The 5 Rules of Lean Thinking
Are you ready to co-create the future? These 5 Rules of Lean Thinking are a useful tool as we set out to collectively invent a post-market future.
Surviving the Future is a story drawn from the fertile ground of the late David Fleming’s extraordinary Lean Logic: A Dictionary for the Future and How to Survive It. That hardback consists of four hundred and four interlinked dictionary entries, inviting readers to choose their own path through its radical vision.
Fleming’s long-time collaborator Shaun Chamberlin has selected and edited one of these potential narratives to create Surviving the Future: Culture, Carnival and Capital in the Aftermath of the Market Economy.

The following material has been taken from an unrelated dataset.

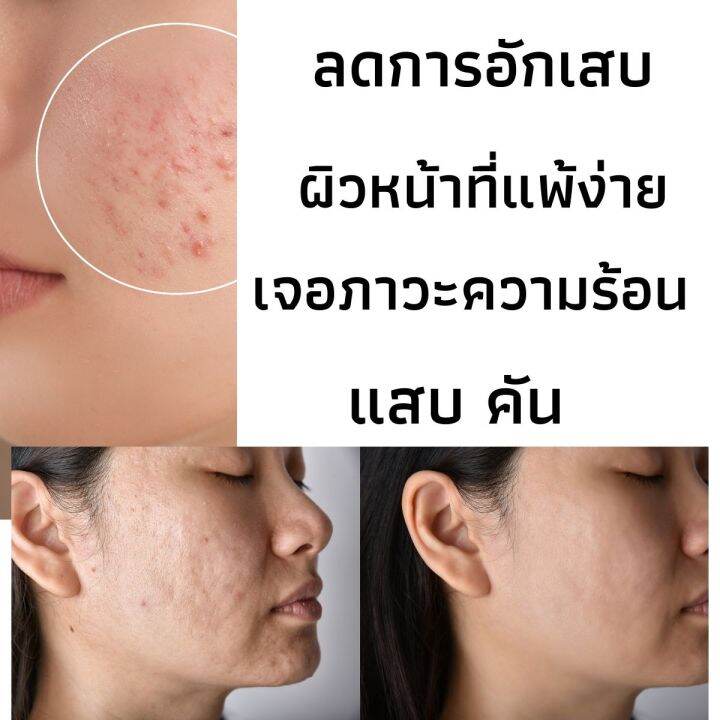 กิฟฟารีน-รีแพรี่-ทรีทเมนท์-เพื่อผิวพิเศษ-ของแท้-100-ผิวให้แข็งแรงด้วย-betaglucan-ที่ปกป้องและฟื้นฟูผิวจากการเผชิญแสงแดดและมลภาวะ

The content, rare insights, and uniquely enjoyably writing style remain Fleming’s, but are presented here at a more accessible paperback-length and in conventional read-it-front-to-back format.
Fleming believed that the market economy will not survive its inherent flaws beyond the early decades of this century, and that its failure will bring great challenges, but he did not dwell on this: “We know what we need to do. We need to build the sequel, to draw on inspiration which has lain dormant, like the seed beneath the snow.”

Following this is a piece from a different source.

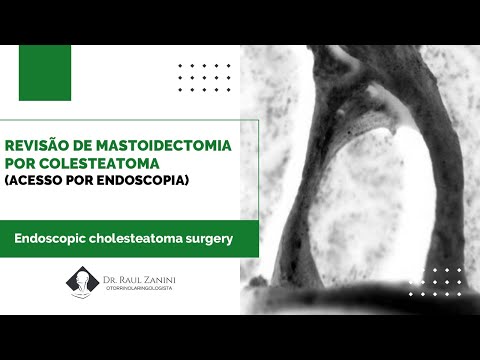 Miniatura: Revisão endoscópica de mastoidectomia por reicidiva de colesteatoma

Below is an excerpt from Surviving the Future outlining the 5 Rules of Lean Thinking.
You can also read more about both Lean Logic and Surviving the Future in this wide-ranging interview with Shaun Chamberlin.
Or, learn about the “Three Principles to Survive the Future.”
Lean thinking is a frame of reference for enabling people to join together in a shared aim.
“Lean” in this sense was originally derived from industrial lean production in the post-war period, and the concept is widely applied in industry, as alluded to in the Introduction. Surviving the Future applies this frame of reference to the shared aim of rebuilding an economy and culture in place of the failing market.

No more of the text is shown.